Rising foreign-direct investment, quickening economic growth and a privatization program that’s boosting the size of the market have offshore investors optimistic there’s more juice left in Vietnam’s stocks rally.
The benchmark VN Index is up 7.7 percent this year, following an advance of 15 percent in 2016, and reached a nine-year high on February 23. While the market has lacked direction since then, fund managers are still buying:
Asia Frontier Capital Ltd. CEO Thomas Hugger said the market will “continue to do well” and he “would add to existing positions”.
Hugger, whose Asia frontier fund has returned 30.5 percent over the past year and beaten 92 percent of its peers, said he’s favoring infrastructure, real-estate and consumer-discretionary stocks. James Bannan, a fund manager at Coeli Asset Management SA in Malmo, Sweden, said he’s “positive” on Vietnam. Coeli Asset only invests in the country’s consumer shares and has recently increased its holdings in Mobile World Investment Corp. and Phu Nhuan Jewelry JSC, he said. Shamoon Tariq, vice chief investment officer at Tundra Fonder AB in Stockholm, said his company had around $70 million in Vietnam equities and is looking to increase this as new companies are floated. Industrials, financials and selective-consumer and real-estate stocks should do well this year, he said.
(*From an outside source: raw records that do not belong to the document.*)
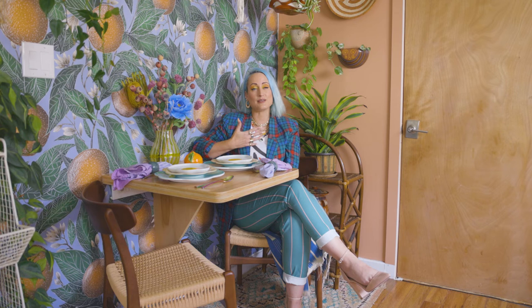There's a song in it called Dance Magic Dance that I'm sure many of you know. I always knew I wanted to have something about The Labyrinth in my house, and this neon sign popped into my head. Yellow Pop nailed the design perfectly. I love it so much.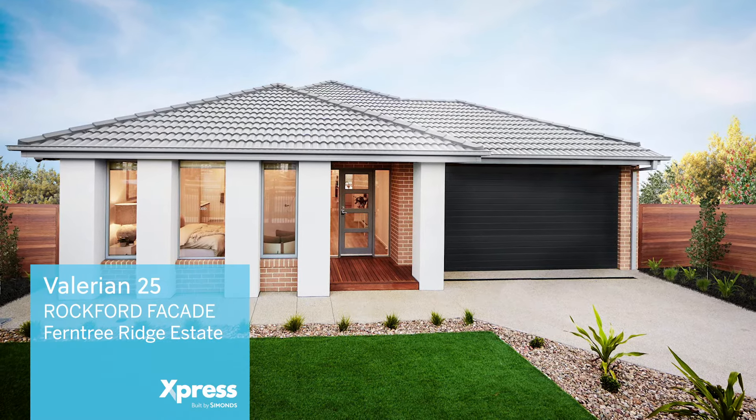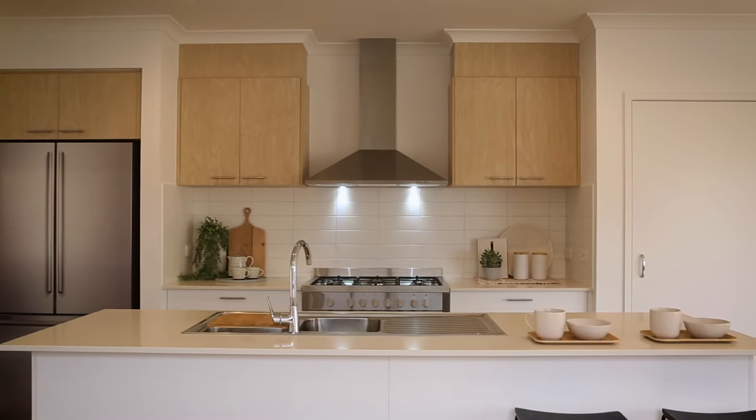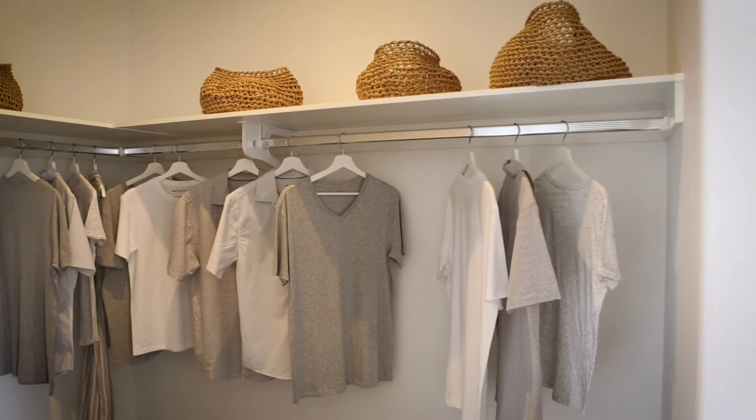Valerian 25, Rockford facade, Ferntree Ridge Estate. The Valerian 25 featuring the Rockford facade bridges efficient clean design and exceptional construction quality, showcasing Express by Simmons at its finest.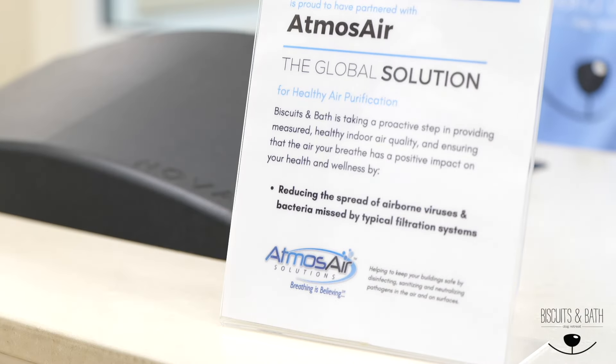Wow, no wonder the air feels so fresh in here. They have an air purification system. Genius.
A flurry of new listings is generating global interest in Vietnam. Novaland Investment JSC, Saigon Beer Alcohol Beverage Corp. and Vietjet Aviation JSC have debuted on the market in the last few months, while Vietnam National Petroleum Corp. is expected to join the bourse this year. The VN Index rose 0.2 percent as of 9:18 a.m. in Hanoi.
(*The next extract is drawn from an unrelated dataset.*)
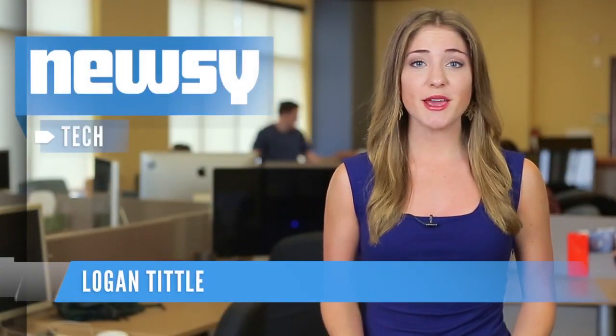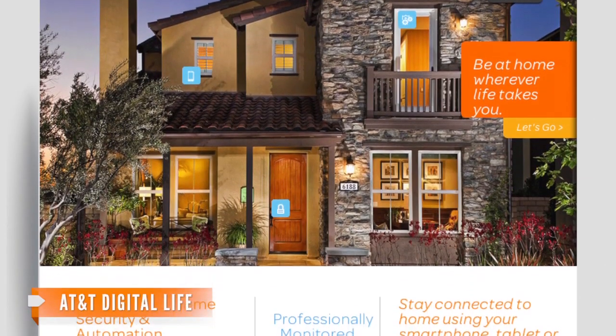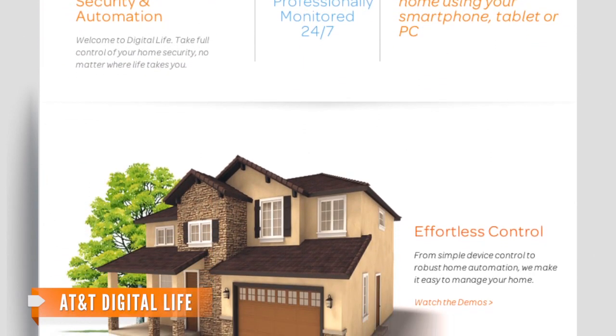AT&T's newest development is making home security pretty darn cool. The company is now offering a service called Digital Life that allows its customers to control various parts of their homes with a smartphone or tablet.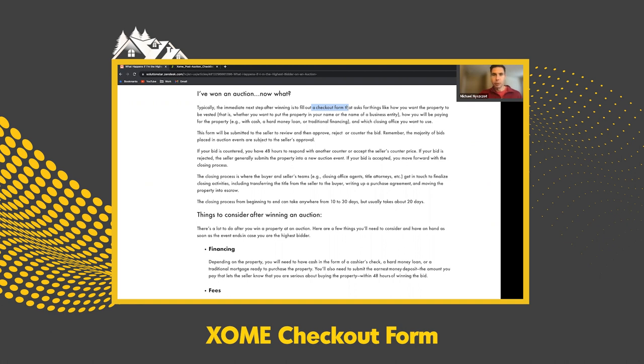Some things the checkout form covers: are you buying the property in your name or your business entity's name? How are you paying for it — is it cash, a hard money loan, or traditional financing? If it's cash, they're going to expect a quicker close, maybe around 21 days, versus a hard money loan or traditional financing which might be 30 days. Ultimately, what closing office do you want to use? That's where you enter your closing office.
The new entrants contributed more than half of the 58-percent jump in market capitalization over the past 12 months, with the benchmark gauge rising 25 percent during the period. The total value of listed Vietnamese stocks is now equivalent to 32 percent of GDP, approaching the 39 percent ratio in emerging-market Indonesia.
Prime Minister Nguyen Xuan Phuc said in January limits on foreign ownership of banks would be raised as early as this year. That followed the partial divestment of Vietnam Dairy Products JSC, the country’s largest company, last December. The wave of new listings, initial public offerings and state sales will continue through 2017, Vietnam Asset Management Ltd. wrote in a January 13 report.
Accelerating economic growth should also buoy the market, with Vietnam’s GDP expansion staying on a generally upward trajectory in recent years as its neighbors declined or stalled. The country’s economy will expand 6.5 percent in 2017, according to the median estimate of economists surveyed by Bloomberg, while the government is forecasting growth of
6.7 percent.
Notwithstanding the demise of the Trans-Pacific Partnership (TPP) trade agreement, which the World Bank forecast would have delivered an 8-percent boost to Vietnam’s GDP by 2030, the country’s low-cost work force and proximity to good-quality ports continues to lure manufacturing investment.
Disbursed foreign-direct investment has risen for five straight years, climbing 9 percent to a record $15.8 billion in 2016, according to official data. Samsung Display Co. received an investment certificate last month to spend $2.5 billion, expanding its facilities in the northern province of Bac Ninh.
Even without the TPP, “the Vietnamese story is still strong given its ability to attract low-cost manufacturing jobs,” Asia Frontier’s Hugger said. “This is reflected in the recent announcement by Samsung to expand their operations.”
There are still risks on the horizon. Higher US interest rates, a rise in trade protectionism, the direction of China’s yuan and the Vietnamese market’s relatively low liquidity remain concerns for foreign investors, said Le Nguyet Anh, the Ho Chi Minh City-based head of research at ACB Securities JSC.
Still, a favorable flow backdrop as Pakistan leaves MSCI Inc.’s frontier markets gauge looks set to increase Vietnam’s importance to offshore investors. The country’s stocks are also still relatively cheap, with a 12-month price-to-earnings ratio of 13.4, compared with 17.2 and 14 in its frontier-market peers Morocco and Argentina.
“Vietnam still has good value to express in terms of valuation and growth,” said Federico Parenti, a Milan-based fund manager at Sempione Sim Spa. “Dividends are pretty high and the potential is still there.”